Publié le 27.07.2021 par Amnesty International
Dans le sud de l’Angola, la vie de millions de personnes est menacée à cause de la sécheresse. Déplacements de population, malnutritions et pauvreté : voici les conséquences dévastatrices du dérèglement climatique.
Dans le sud de l’Angola, des millions de personnes sont au bord de l’inanition. Elles sont victimes à la fois des effets dévastateurs du dérèglement climatique et de l’affectation de terres à l’élevage commercial de bétail.
La création d’élevages commerciaux de bétail sur des terres communautaires ont chassé des populations pastorales de leurs terres depuis la fin de la guerre civile, en 2002. Ainsi, une grande partie de la population s’est retrouvée en situation d’insécurité alimentaire, ce qui a ouvert la voie à une crise humanitaire dans la mesure où la sécheresse aiguë persiste depuis plus de trois ans. La pénurie d’eau et de nourriture ne fait que s’accentuer, obligeant des milliers de personnes à fuir vers la Namibie voisine.

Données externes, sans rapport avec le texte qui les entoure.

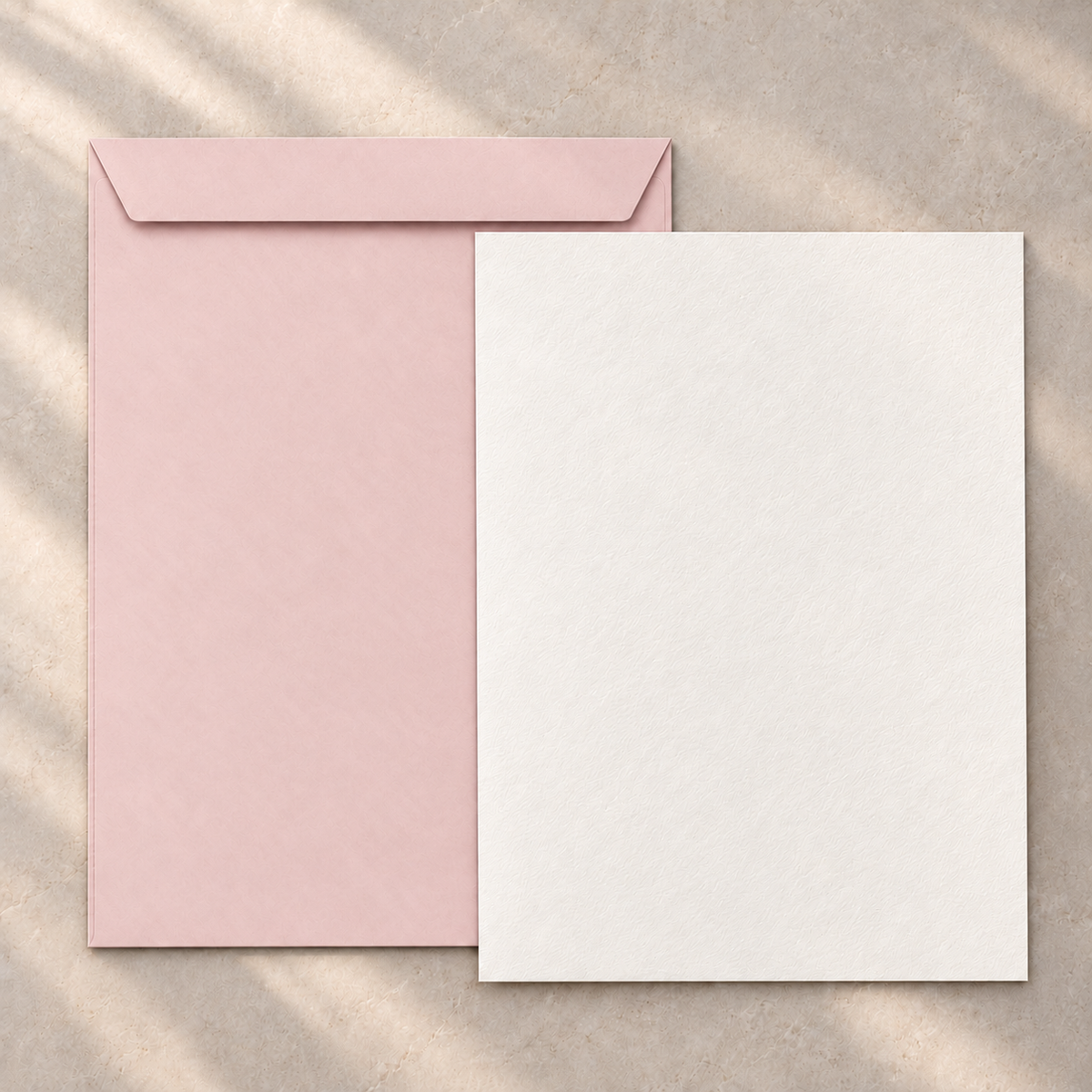 C4 pink envelope with full unfolded cotton writing paper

Pour survivre, la fuite vers la Namibie
Les populations des provinces de Cunene et de Huíla sont frappées de plein fouet par la sécheresse persistante. La saison des pluies 2020-2021 ayant été anormalement sèche, il est probable que la situation empire grandement dans les mois à venir. Cette sécheresse est la pire depuis 40 ans.

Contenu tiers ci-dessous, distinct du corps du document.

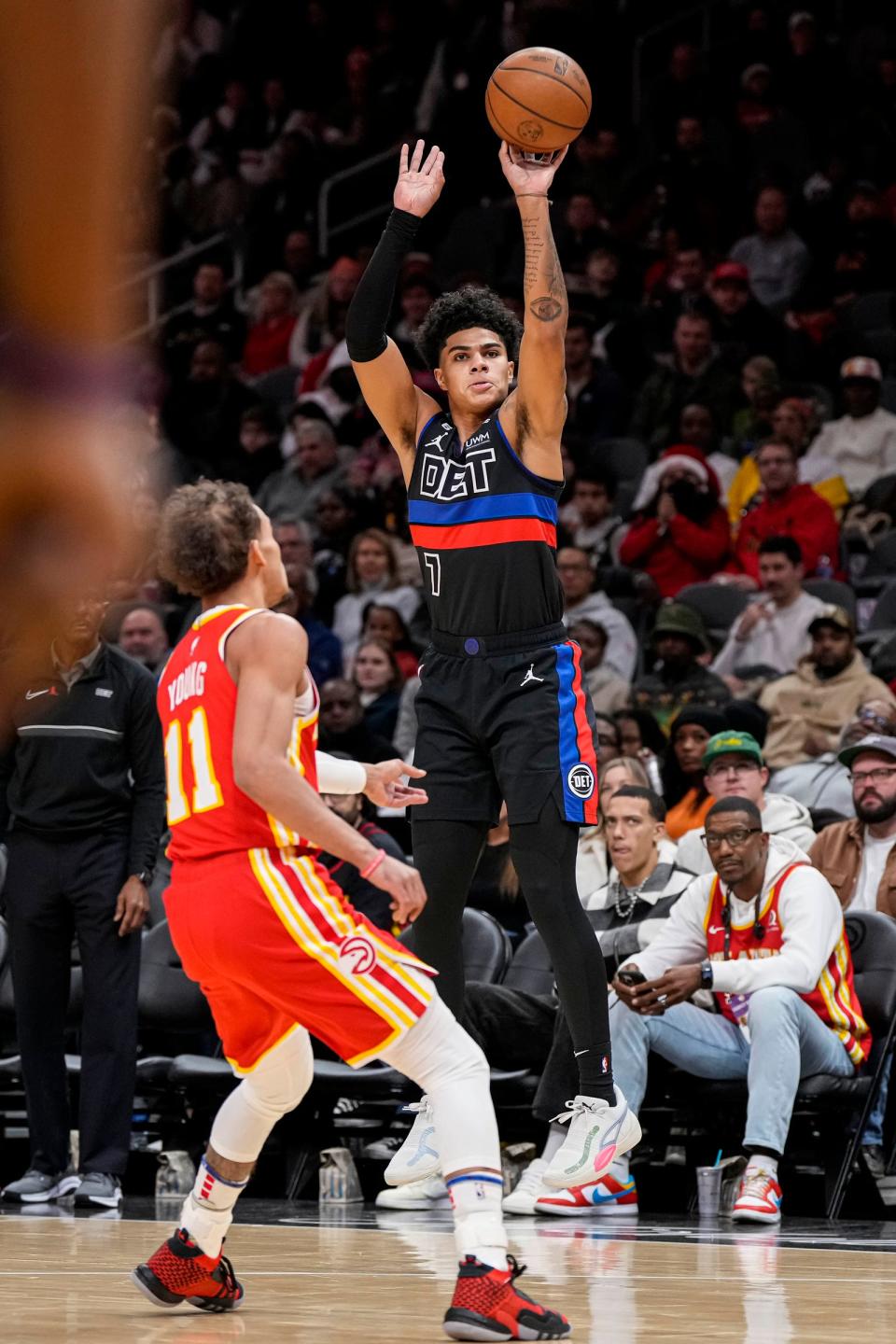 Detroit Pistons guard Killian Hayes (7) shoots over Atlanta Hawks guard Trae Young (11) during the first half at State Farm Arena in Atlanta on Friday, Dec. 23, 2022.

Elle a rendu la vie des communautés pastorales traditionnelles très difficile et la faim a conduit des milliers de personnes à traverser la frontière avec la Namibie depuis le début de mars 2021.
En mai 2021, des ONG angolaises ont rapporté que plus de 7 000 Angolais, principalement des jeunes et des femmes avec enfants, avaient fui vers la Namibie. Un nombre de « déplacés climatiques » qui ne cesse d’augmenter.

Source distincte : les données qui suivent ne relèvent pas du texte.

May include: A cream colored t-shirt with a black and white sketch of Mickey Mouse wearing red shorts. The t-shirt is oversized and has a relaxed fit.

Le manque de ressources et la sécheresse poussent ces personnes à migrer dans une tentative désespérée de survivre. Un phénomène qui n’est pas près de s’améliorer car, selon le Groupe d’experts intergouvernemental sur l’évolution du climat (GIEC), « l’intensité des sécheresses continueront d’augmenter, en particulier dans le bassin méditerranéen et en Afrique australe ».
L’occupation des terres
La situation dans les provinces de Huíla et de Cunene était déjà précaire avant la sécheresse. L’insécurité alimentaire s’est aggravée en partie à cause de l’affectation de pâturages communautaires à des exploitations commerciales. Ce mouvement s’est amorcé après la guerre civile, il y a une vingtaine d’années. En 2019, nous avons révélé que l’État angolais avait attribué des pâturages communautaires à Gambos à des éleveurs commerciaux de bétail en dehors de toute procédure régulière.
Selon les autorités, 67 % des pâturages de la commune sont occupés par ces éleveurs. Dans notre rapport de 2019, nous avons également mis en évidence que l’occupation des terres les plus fertiles par des éleveurs commerciaux de bétail empêchait l’accès à des pâturages de qualité et sapait ainsi la résilience économique et sociale des communautés pastorales. Conséquence directe ? Cela réduisait leur capacité à produire de la nourriture et à survivre aux sécheresses.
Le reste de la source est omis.